BEGIN Data to examine

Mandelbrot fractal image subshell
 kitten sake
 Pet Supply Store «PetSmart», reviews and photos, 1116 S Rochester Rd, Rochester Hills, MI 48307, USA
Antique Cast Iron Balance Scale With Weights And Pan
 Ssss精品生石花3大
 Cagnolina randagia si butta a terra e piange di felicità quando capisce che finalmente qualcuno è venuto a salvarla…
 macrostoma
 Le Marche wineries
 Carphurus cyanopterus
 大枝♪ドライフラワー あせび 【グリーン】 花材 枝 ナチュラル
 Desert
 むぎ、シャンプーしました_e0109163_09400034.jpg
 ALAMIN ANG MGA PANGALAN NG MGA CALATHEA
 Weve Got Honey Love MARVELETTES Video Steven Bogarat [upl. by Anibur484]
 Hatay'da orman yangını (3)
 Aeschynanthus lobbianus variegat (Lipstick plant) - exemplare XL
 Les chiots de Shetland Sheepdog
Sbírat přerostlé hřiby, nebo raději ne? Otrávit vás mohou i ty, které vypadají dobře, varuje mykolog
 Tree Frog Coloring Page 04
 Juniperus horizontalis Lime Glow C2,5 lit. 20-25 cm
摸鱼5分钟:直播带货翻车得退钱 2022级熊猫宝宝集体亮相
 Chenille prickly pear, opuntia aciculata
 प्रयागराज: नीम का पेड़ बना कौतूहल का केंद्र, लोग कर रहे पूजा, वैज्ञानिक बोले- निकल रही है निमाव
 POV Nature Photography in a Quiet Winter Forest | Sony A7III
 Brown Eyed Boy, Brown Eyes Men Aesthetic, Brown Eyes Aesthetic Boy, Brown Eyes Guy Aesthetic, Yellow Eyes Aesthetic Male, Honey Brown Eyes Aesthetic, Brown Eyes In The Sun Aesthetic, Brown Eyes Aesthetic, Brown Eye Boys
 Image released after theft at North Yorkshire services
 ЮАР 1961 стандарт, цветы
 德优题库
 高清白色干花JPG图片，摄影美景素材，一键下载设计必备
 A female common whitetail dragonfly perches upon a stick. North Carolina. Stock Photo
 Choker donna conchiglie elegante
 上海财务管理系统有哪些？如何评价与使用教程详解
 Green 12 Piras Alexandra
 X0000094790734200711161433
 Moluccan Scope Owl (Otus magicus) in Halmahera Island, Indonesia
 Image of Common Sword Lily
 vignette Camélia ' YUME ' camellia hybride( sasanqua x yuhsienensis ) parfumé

END Data to examine

__About this exercise__: Your answer should consist of the lines above that hold the word "Honey".

__Task output__:
 Weve Got Honey Love MARVELETTES Video Steven Bogarat [upl. by Anibur484]
 Brown Eyed Boy, Brown Eyes Men Aesthetic, Brown Eyes Aesthetic Boy, Brown Eyes Guy Aesthetic, Yellow Eyes Aesthetic Male, Honey Brown Eyes Aesthetic, Brown Eyes In The Sun Aesthetic, Brown Eyes Aesthetic, Brown Eye Boys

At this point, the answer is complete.